• DATASET CONTENT:
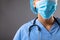 Mid section of female surgeon wearing face mask against grey background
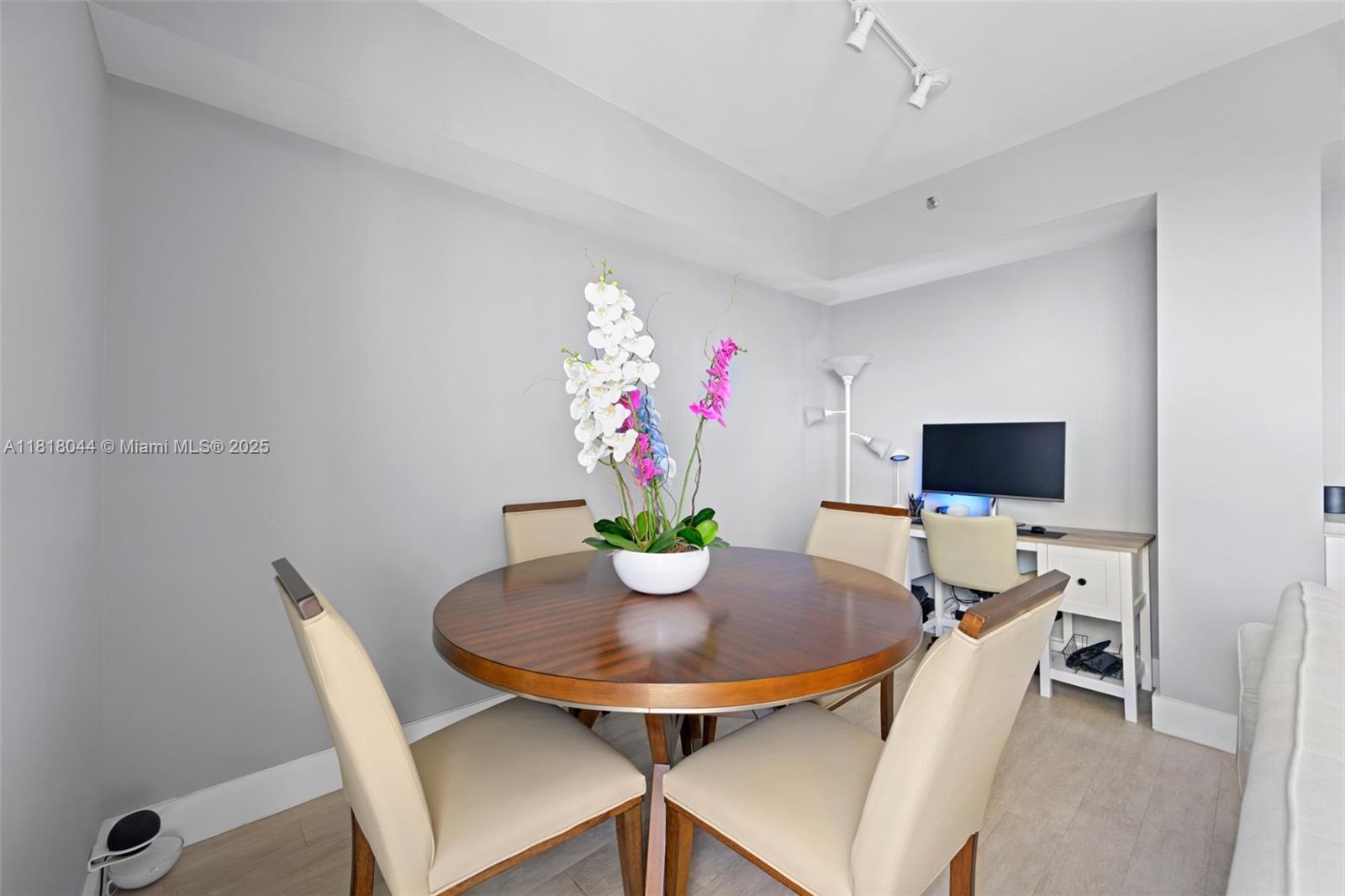 1621 Bay Road, Unit PH3 Miami Beach, FL 33139 - Photo 24 of 24 a view of a dining room with furniture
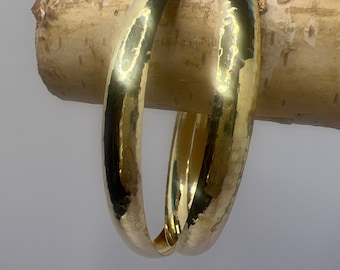 May include: Two gold-toned metal bangles with a hammered texture.
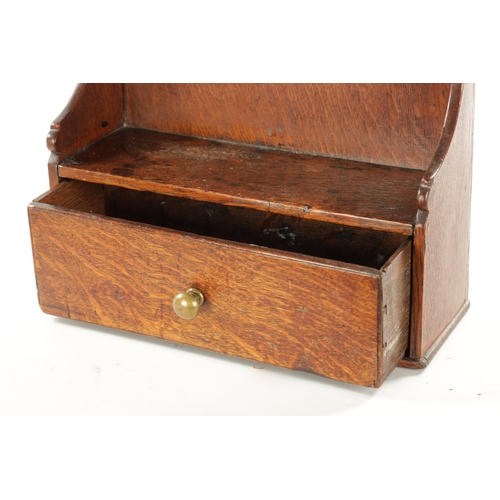 62 - AN 18TH CENTURY WELSH OAK SPOON RACK with frieze drawer and shaped back (57cm high 36cm wide)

• WORK INSTRUCTIONS: The response is the full listing, copied exactly, with the pictures omitted.

• SOLUTION:
 Mid section of female surgeon wearing face mask against grey background
 1621 Bay Road, Unit PH3 Miami Beach, FL 33139 - Photo 24 of 24 a view of a dining room with furniture
 May include: Two gold-toned metal bangles with a hammered texture.
 62 - AN 18TH CENTURY WELSH OAK SPOON RACK with frieze drawer and shaped back (57cm high 36cm wide)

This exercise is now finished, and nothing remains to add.